(DATA TO EXAMINE):
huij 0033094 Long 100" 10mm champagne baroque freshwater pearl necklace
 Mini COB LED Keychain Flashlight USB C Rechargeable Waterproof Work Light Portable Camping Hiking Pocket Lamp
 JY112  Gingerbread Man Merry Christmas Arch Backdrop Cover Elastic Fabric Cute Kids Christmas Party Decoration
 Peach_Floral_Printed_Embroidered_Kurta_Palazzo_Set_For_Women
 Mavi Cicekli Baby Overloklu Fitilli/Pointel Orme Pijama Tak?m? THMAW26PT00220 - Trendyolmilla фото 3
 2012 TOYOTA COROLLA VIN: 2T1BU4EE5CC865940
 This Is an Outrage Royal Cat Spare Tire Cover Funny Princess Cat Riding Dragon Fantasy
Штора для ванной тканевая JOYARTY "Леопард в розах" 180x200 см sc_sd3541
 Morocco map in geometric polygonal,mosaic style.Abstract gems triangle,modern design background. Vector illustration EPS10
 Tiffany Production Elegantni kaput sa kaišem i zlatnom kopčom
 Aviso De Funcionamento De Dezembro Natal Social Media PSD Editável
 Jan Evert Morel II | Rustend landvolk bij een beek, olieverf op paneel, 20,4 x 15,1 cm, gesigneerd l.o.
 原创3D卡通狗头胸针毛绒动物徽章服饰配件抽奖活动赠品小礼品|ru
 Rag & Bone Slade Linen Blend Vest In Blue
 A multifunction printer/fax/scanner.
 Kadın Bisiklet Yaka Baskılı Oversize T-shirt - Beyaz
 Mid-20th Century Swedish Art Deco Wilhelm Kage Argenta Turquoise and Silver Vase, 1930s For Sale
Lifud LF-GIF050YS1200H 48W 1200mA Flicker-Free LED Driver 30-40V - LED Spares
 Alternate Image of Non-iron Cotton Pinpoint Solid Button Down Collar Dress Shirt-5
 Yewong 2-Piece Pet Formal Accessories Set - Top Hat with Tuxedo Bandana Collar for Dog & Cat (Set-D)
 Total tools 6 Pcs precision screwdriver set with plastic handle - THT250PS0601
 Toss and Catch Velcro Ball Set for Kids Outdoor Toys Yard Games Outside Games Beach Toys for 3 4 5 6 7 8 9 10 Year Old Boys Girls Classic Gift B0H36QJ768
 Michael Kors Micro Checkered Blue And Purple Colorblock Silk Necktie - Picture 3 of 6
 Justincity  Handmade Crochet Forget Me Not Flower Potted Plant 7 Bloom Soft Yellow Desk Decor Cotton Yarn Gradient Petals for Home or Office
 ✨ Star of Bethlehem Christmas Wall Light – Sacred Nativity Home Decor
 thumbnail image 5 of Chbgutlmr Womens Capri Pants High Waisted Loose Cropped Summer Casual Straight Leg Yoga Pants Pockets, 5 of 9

(INSTRUCTIONS FOR THE TASK):
Reproduce exactly the stretch of the material above that starts at the line with "Total tools 6" and ends at the line with "Michael Kors Micro", both included, and nothing else.

(TASK ANSWER):
 Total tools 6 Pcs precision screwdriver set with plastic handle - THT250PS0601
 Toss and Catch Velcro Ball Set for Kids Outdoor Toys Yard Games Outside Games Beach Toys for 3 4 5 6 7 8 9 10 Year Old Boys Girls Classic Gift B0H36QJ768
 Michael Kors Micro Checkered Blue And Purple Colorblock Silk Necktie - Picture 3 of 6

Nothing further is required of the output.